I’m sure bitwise operations will be covered later in this course, but I couldn’t resist using them for a nice, clean version of the IsIsogram check.
Bitwise operations allow you to manipulate and test the individual bits (the 0s and 1s) of your data types. One common use of bitwise operations is the creation of bit flags, which can be used in effect like an array of booleans, but in a much more compact format.
Here’s my solution, with an explanation of what’s going on below!
Footprints
Let’s talk briefly about type sizes. The smallest native types are the char and the bool, each coming in at 1 byte, or 8 bits. A short is 2 bytes, and the standard 32-bit int (at 8 bits a byte) comes in at 4 bytes!
So how can we represent the 26 characters of the alphabet in the most compact format?
An array of bools sounds appealing, but will be 26 bytes.
In an absolutely minimized map, using a <char, bool> as type, if we have one character we’re storing 2 bytes, one for the key itself, and one for the bool. At 16 bits, this is smaller than one bit per character, but it doubles in size for each character present in our hidden word.
For the sake of the exercise below, let’s imagine we’re testing the non-isogram entry acai.
Introducing the Bit Flag
What if, instead, we could represent each character as a single bit? If a character was present, it would be a 1, otherwise it would be a zero! That’s as compact as we can get!
Here, I’m using an int32 to hold my character presence data, but instead of using it as a number, I’m using each bit individually, so:
'a' = 0
'b' = 10
'c' = 100
and so on! 32 bits is a bit larger than our alphabet, but by using that type, we guarantee that we’re byte aligned, which is a useful to know topic that you don’t need to know right now.
Meeting the Operators
For the sake of ease, let’s imagine I’m only using an 8 character alphabet here. We’ll have a single byte bit flag that we’ll set to 0 at the start:
00000000 flag
As we loop through our letters, we’re converting each one from a-z to 0-25. Let’s imagine an a comes down the pipeline. That gives us a 0, which means we want to look at the 0th bit in our bit flag. But how can we test to see of the 0th spot is turned on or off? This is where bitwise AND comes in
In a bitwise AND, represented by the operator &, we take each bit, and do a true/false test against it to build a resulting value. If we had a single bit, 0& 0 = 0, 0 & 1 = 0, and 1 & 1 = 1.

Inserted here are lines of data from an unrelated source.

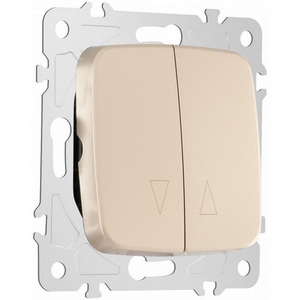 Выключатель встраиваемый жалюзи Arte Milano am-205 205.38-2.shampan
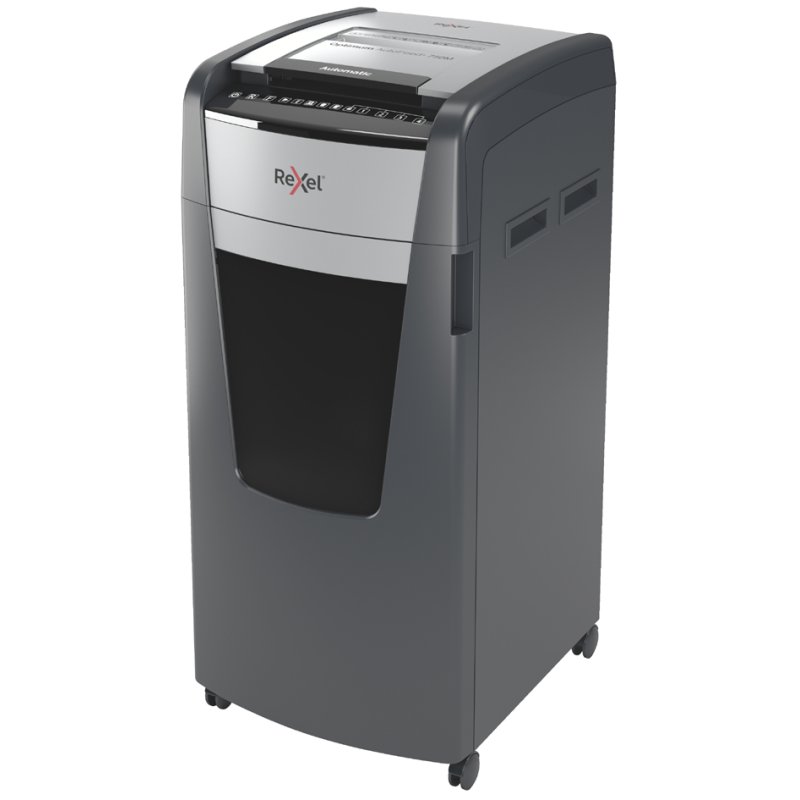 Rexel Optimum AutoFeed+ 750X papiervernietiger, 750 vel, P-4, zwart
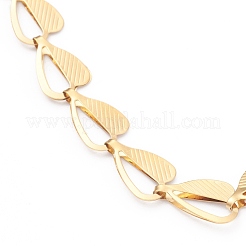 Цепочки из нержавеющей стали 304 с вакуумным покрытием PVD&nbsp;NJEW-O123-03G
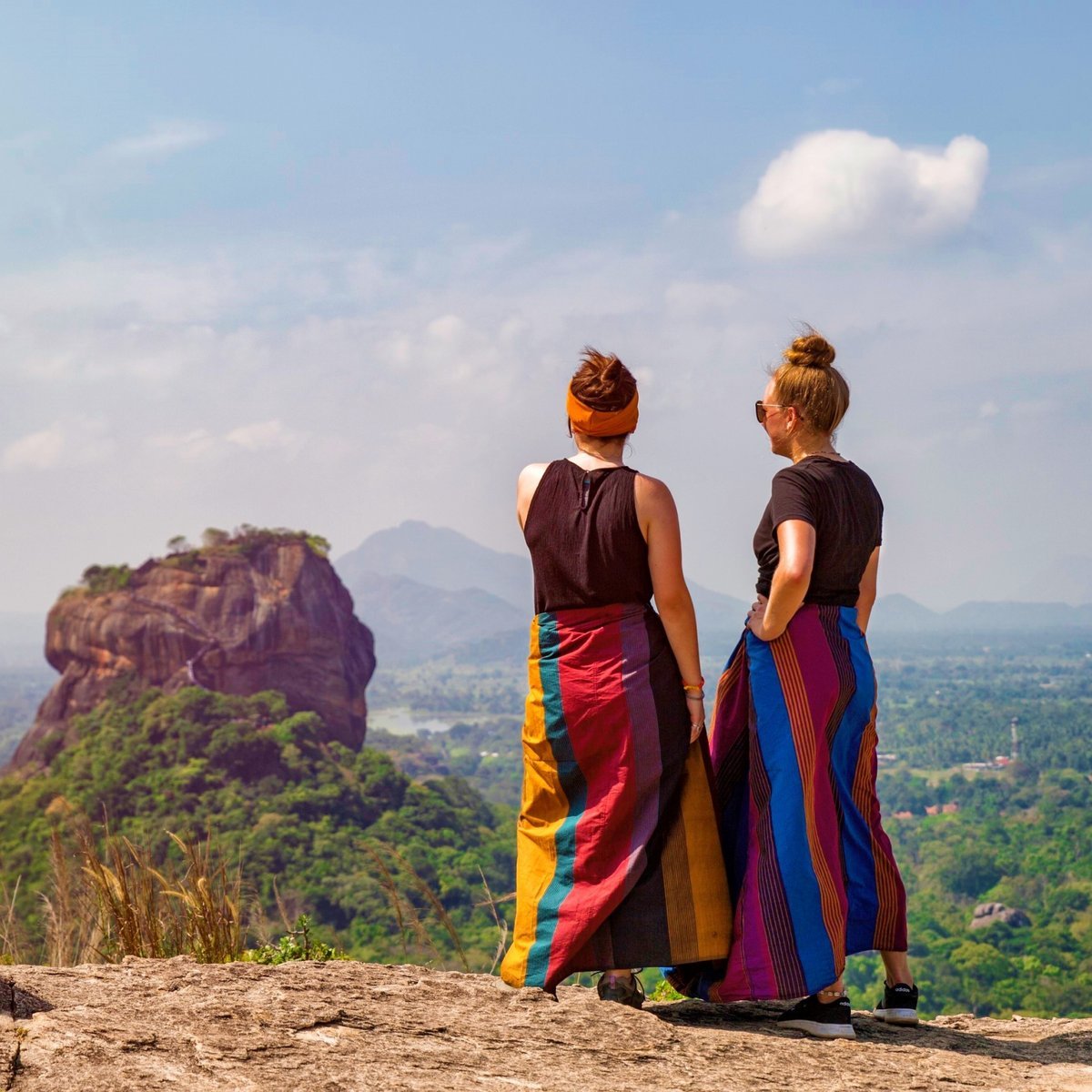 Take in the stunning views of Sigiriya Rock in Sri Lanka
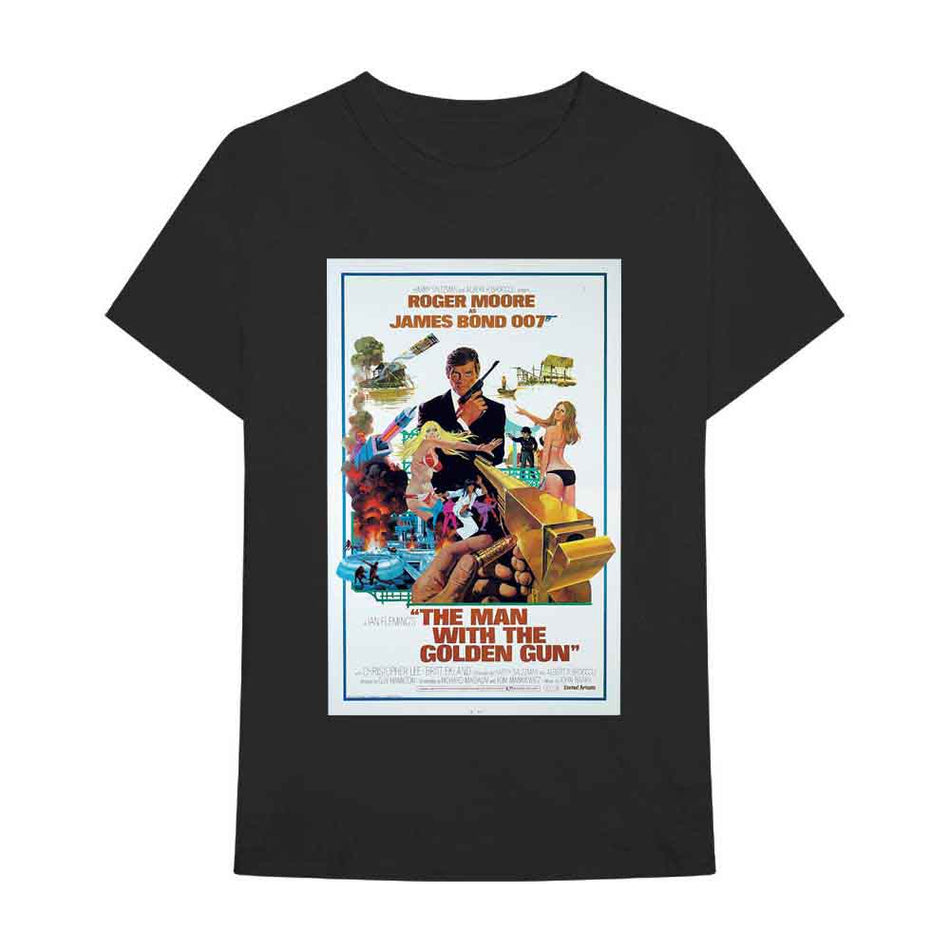 James Bond 007 The Man With The Golden Gun Poster Black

We can represent our ‘a’ as “00000001” in this instance, and compare each bit against the one in our flag.
00000000 flag
00000001 & mask for 'a'
----------------
00000000 result of bitwise AND
Ta da! Comparing our character against the flag returns 0!, which means charFlag & 1 << checkIndex will be false. Speaking of which, what exactly is that 1 << checkIndex doing?
You’ve seen << and >> overridden for cout and cin, but natively, these are the bitwise shift operators. << moves a bit one to the ‘left’, and >> moves it one to the ‘right’.
(Note: you may be familiar with little vs big endian, but for the sake of visualization let’s ignore that for the purpose of this excercise)
We already know that we can represent ‘1’ as “0000001”.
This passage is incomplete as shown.